Repeat, please, exactly the lines from the one that has "#翡翠水庫壩頂 #日出雲海 #火燒雲" through the end of the records below, with pictures dropped.

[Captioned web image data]
=======

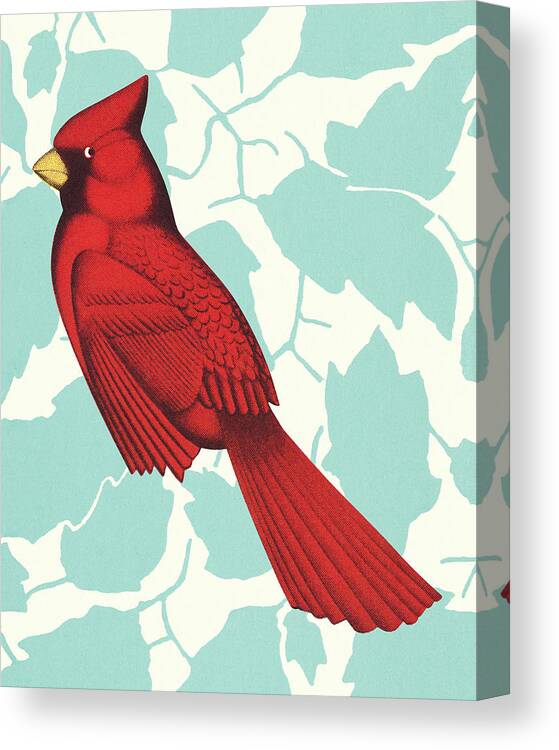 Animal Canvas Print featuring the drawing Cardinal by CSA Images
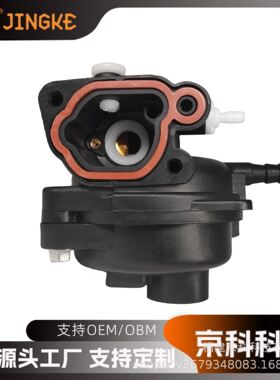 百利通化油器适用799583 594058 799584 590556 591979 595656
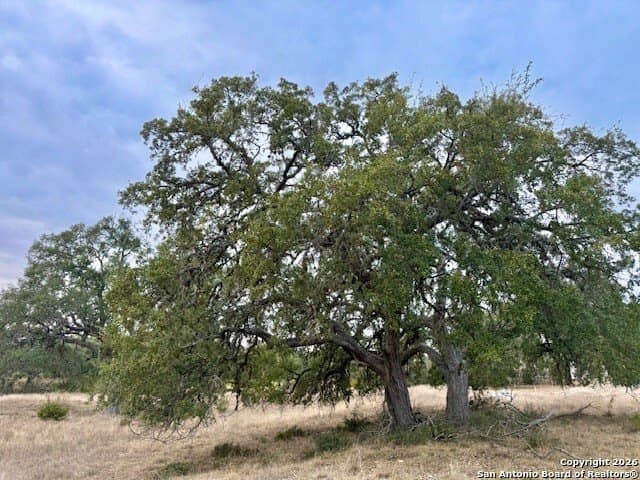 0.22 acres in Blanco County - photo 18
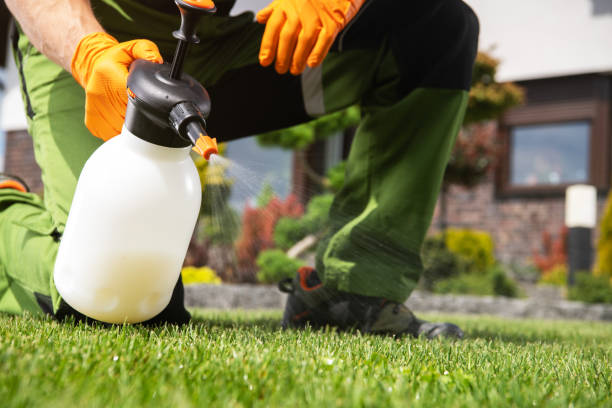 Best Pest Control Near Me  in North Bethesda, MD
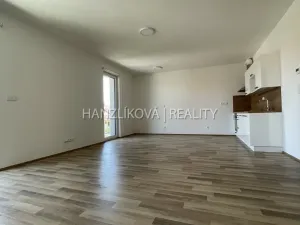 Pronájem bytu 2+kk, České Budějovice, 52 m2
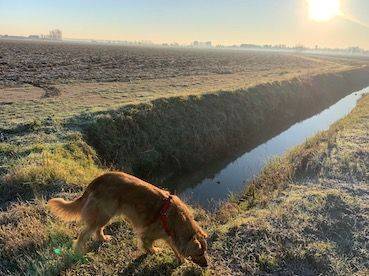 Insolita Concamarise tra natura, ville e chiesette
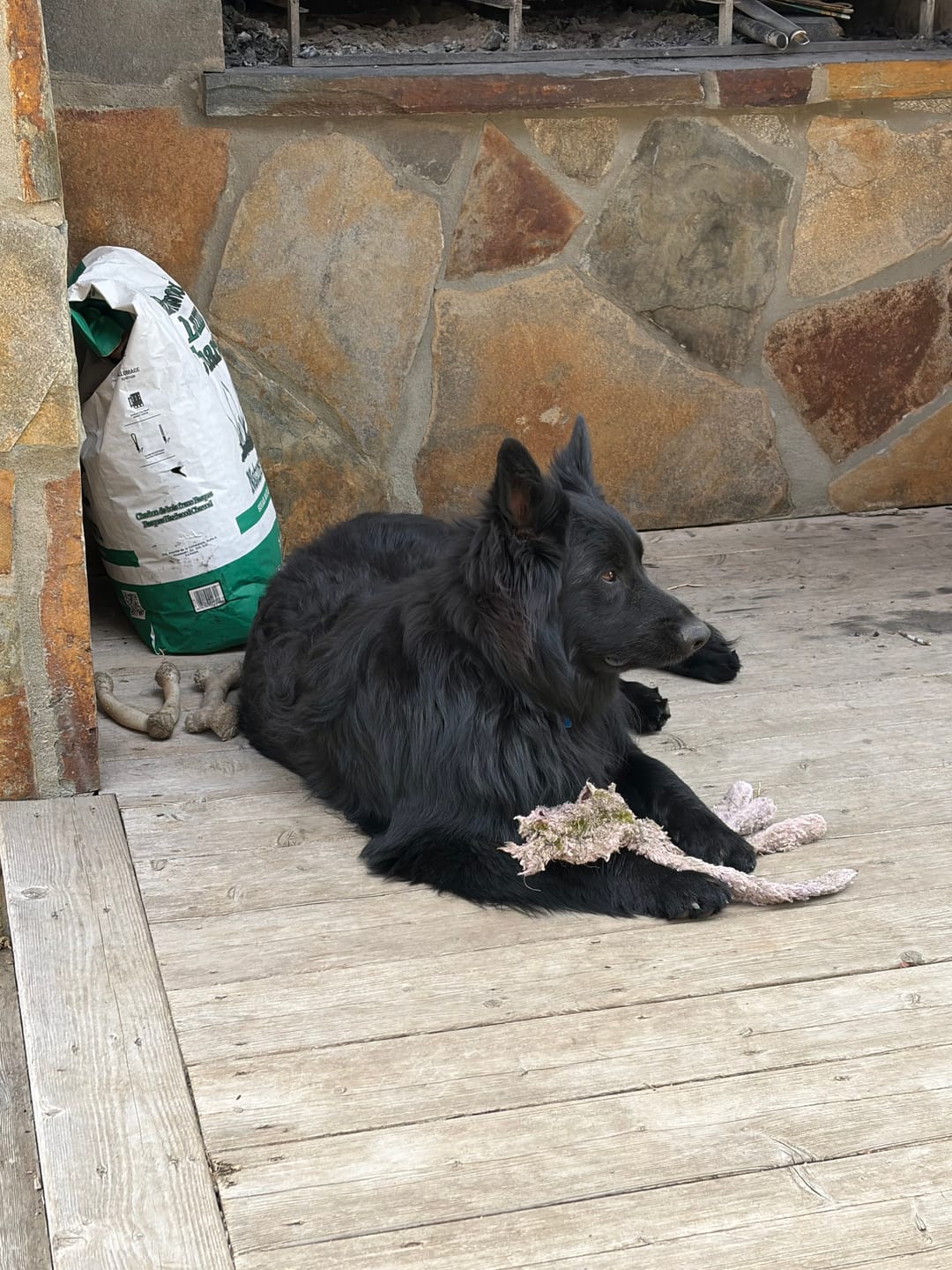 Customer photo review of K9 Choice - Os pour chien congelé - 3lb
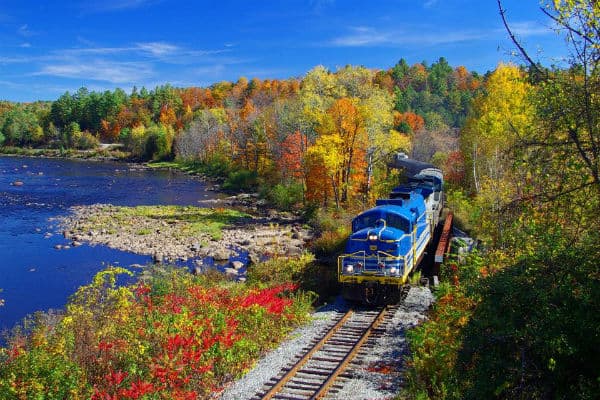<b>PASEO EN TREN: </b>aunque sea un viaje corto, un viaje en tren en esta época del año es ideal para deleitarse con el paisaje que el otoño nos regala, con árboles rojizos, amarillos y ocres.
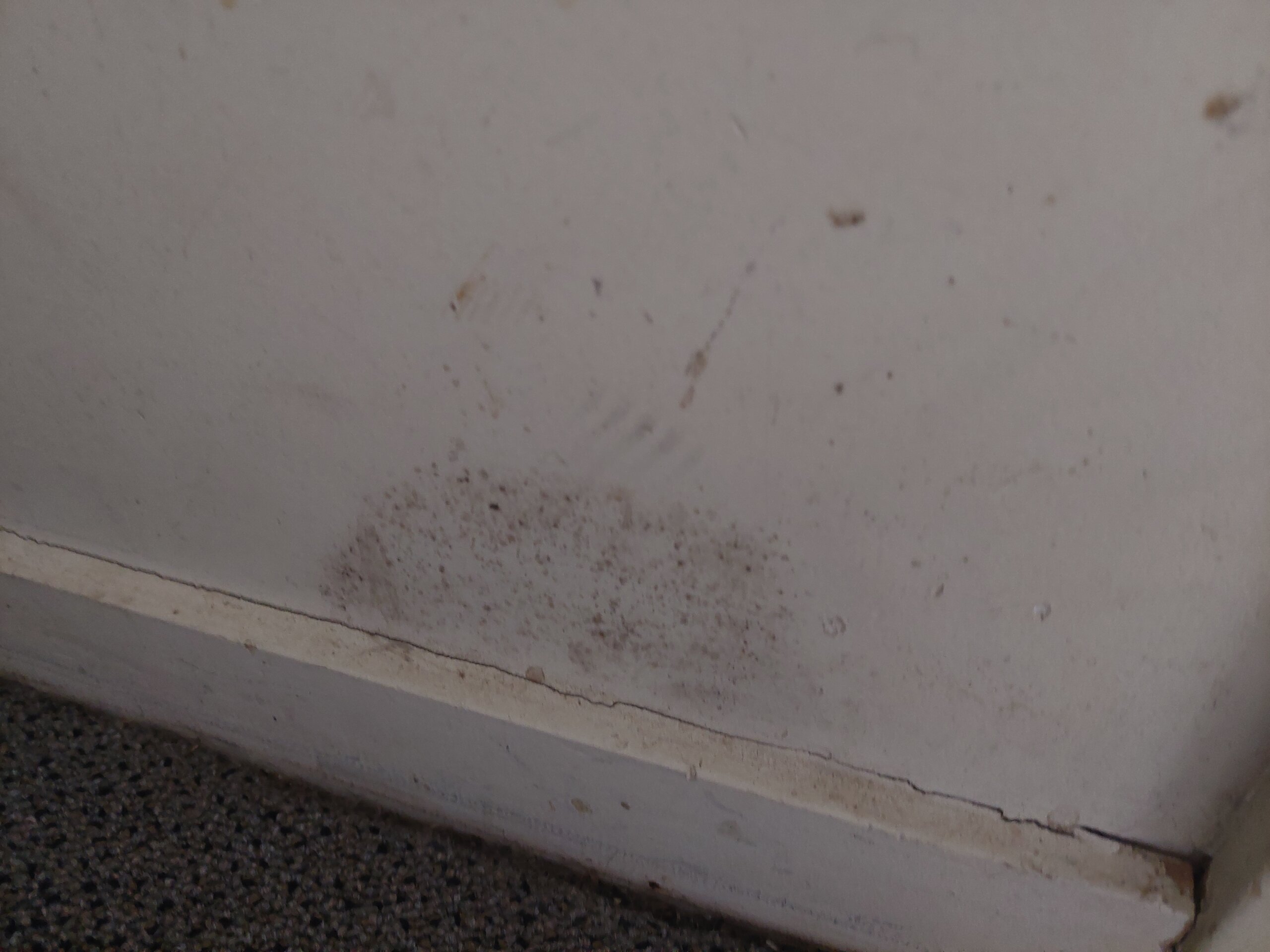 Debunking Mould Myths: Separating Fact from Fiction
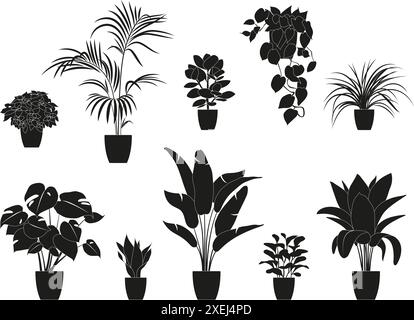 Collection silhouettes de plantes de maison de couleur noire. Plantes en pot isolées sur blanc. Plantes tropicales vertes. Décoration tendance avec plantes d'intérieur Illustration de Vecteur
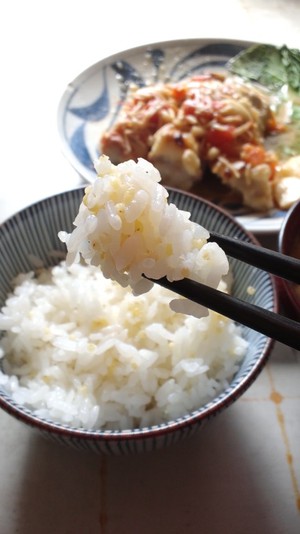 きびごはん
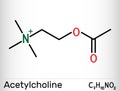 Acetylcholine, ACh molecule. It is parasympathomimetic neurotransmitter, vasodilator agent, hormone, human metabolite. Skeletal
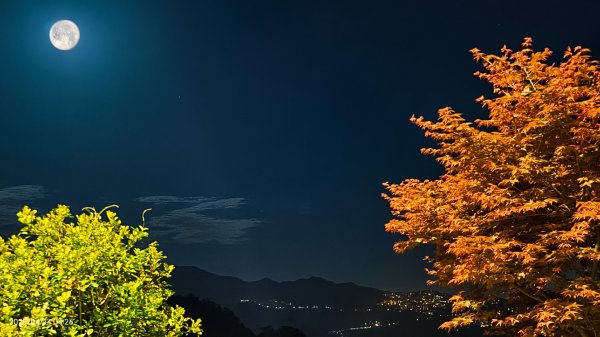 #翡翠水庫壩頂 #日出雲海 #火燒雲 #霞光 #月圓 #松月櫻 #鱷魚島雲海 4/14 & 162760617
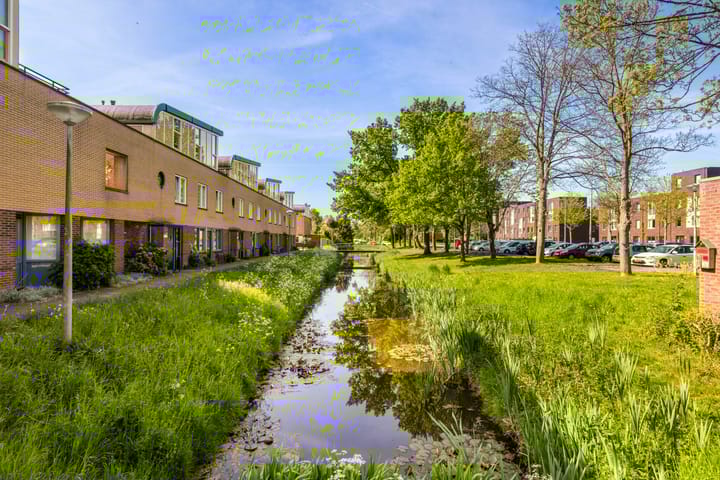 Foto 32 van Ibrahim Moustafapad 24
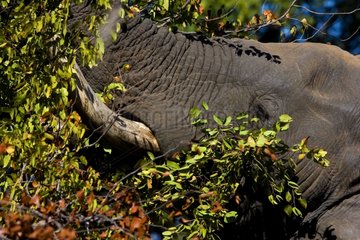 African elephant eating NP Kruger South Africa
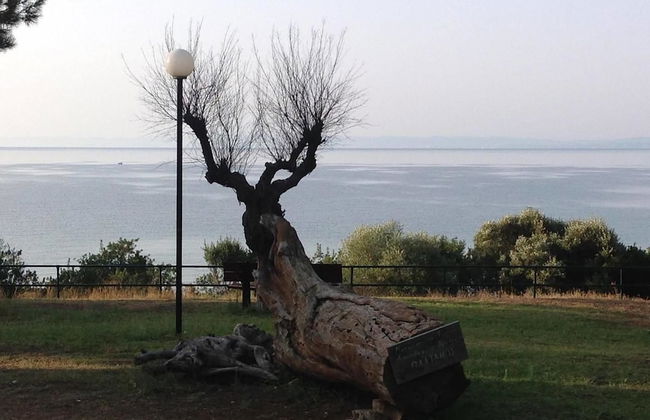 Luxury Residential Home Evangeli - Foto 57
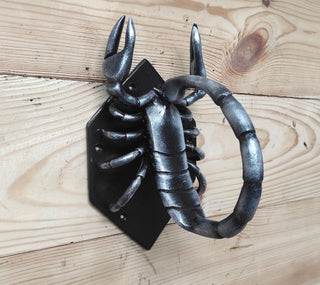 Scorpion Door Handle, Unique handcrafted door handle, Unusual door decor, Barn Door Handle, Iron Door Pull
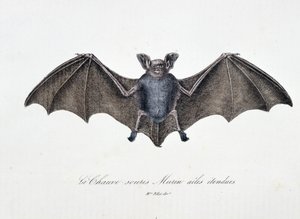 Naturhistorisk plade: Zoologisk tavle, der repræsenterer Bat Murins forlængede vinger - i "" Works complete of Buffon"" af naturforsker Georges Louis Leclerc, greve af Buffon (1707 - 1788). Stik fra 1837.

=======

* [Output below]:
 #翡翠水庫壩頂 #日出雲海 #火燒雲 #霞光 #月圓 #松月櫻 #鱷魚島雲海 4/14 & 162760617
 Foto 32 van Ibrahim Moustafapad 24
 African elephant eating NP Kruger South Africa
 Luxury Residential Home Evangeli - Foto 57
 Scorpion Door Handle, Unique handcrafted door handle, Unusual door decor, Barn Door Handle, Iron Door Pull
 Naturhistorisk plade: Zoologisk tavle, der repræsenterer Bat Murins forlængede vinger - i "" Works complete of Buffon"" af naturforsker Georges Louis Leclerc, greve af Buffon (1707 - 1788). Stik fra 1837.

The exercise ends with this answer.